Ayasofya’ya giren padişah, mozaikleri kaldırmaya uğraşanlara müdahale eder. Üzerlerini sıvayıp geçmelerini söyler. Bu şaheserlerin parçalanmasına gönlü razı olmaz. Fatih’in dinle diyanetle çok alakasının olmadığını düşünüyor Lamartine. Hristiyanlara hoşgörü ile davranırken Müslümanlara karşı da stratejik olarak dindarca davrandığını söylemiş.
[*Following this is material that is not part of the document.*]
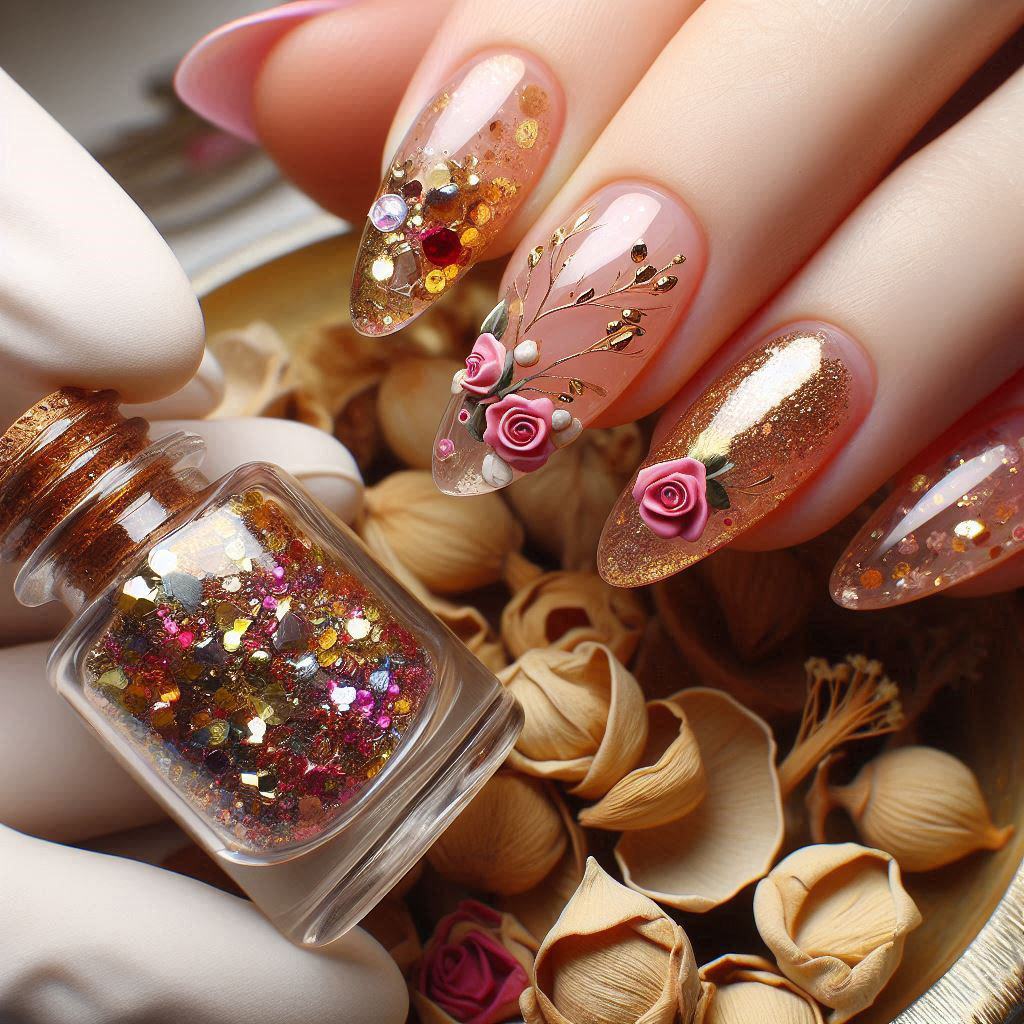 unha encapsulada glitter madrepérola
Stratejik olarak, Fatih, Ortodoks mezhebinin yok olma ihtimaline karşın bu mezhebi desteklemiş. Fethin beşinci gününde din ve vicdan hürriyeti genelgesi yayınlayıp kiliselerin yarısını camiye çevirdikten sonra kalanında ibadet edilebileceğini ilan etmiş. İstanbul’dan giden yerli halkı tekrar şehre davet etmiş. Patrik’i yeniden yerine tayin etmiş hatta atının dizginlerini tutup yolcu ederek saygı göstermiş.

“Osmanlı teşkilatının temelini teşkil eden din, baba otoritesi ve askerlik üzerine dayanıyordu.”

Bir gün divan esnasında Anadolu’dan gelmiş birisi çıkar ve “Aranızda padişah olan kimdir?” diye sorar. Bunun üzerine divana katılmayı bırakır padişah.

Belgrad önlerinde yapılan bir savaşta kalçasından yaralanır padişah. Karşı tarafta meşhur Hunyad vardır. Düşman galip gelir. Fatih döneminde bir de Arnavutluk isyanı ile uğraşılır. Savaşlar genelde mağlubiyet ve Lamartine’e göre büyük kayıplarla neticelenir. Uzunçarşılı gerçek sayıları verecektir. Yazara kalırsa bir Arnavutluk en az iki yüz bin Osmanlı askerine mezar olmuştur. Diğer savaşlarda da keza öyle. Rodos önlerinde seksen bin asker şehit vermiş ordu diye okumuştum başka bir yerde. Sayılar çok mantıklı değil.

Yunanistan’da birçok yer fetheden padişah ardından atını Trabzon’a sürüyor. Uzun Hasan’la çeşitli mücadeleleri var. Trabzon imparatoru David’e yaptıkları gerçek mi değil mi birkaç kaynaktan daha okumam lazım. Önceleri çok iyi muamele ederken sonradan bütün ailesiyle birlikte idam ettiriyor David’i. Kızını da sarayına cariye olarak almış.

Romanyada’ki Drakul, kazıklı voyvoda yani, binlerce Romanyalı vatandaşını kazığa oturtarak idam etmiş. Türklere de uygulamış bu metodu fakat sonunda zalimliğine dayanamayan yakınındaki birisi tarafından öldürülmüş, kellesi Türklere gönderilmiş.

Dinlere karşı ilgisizliklerinden bahsedilen iki millet var kitapta, Arnavutlar ve Boşnaklar.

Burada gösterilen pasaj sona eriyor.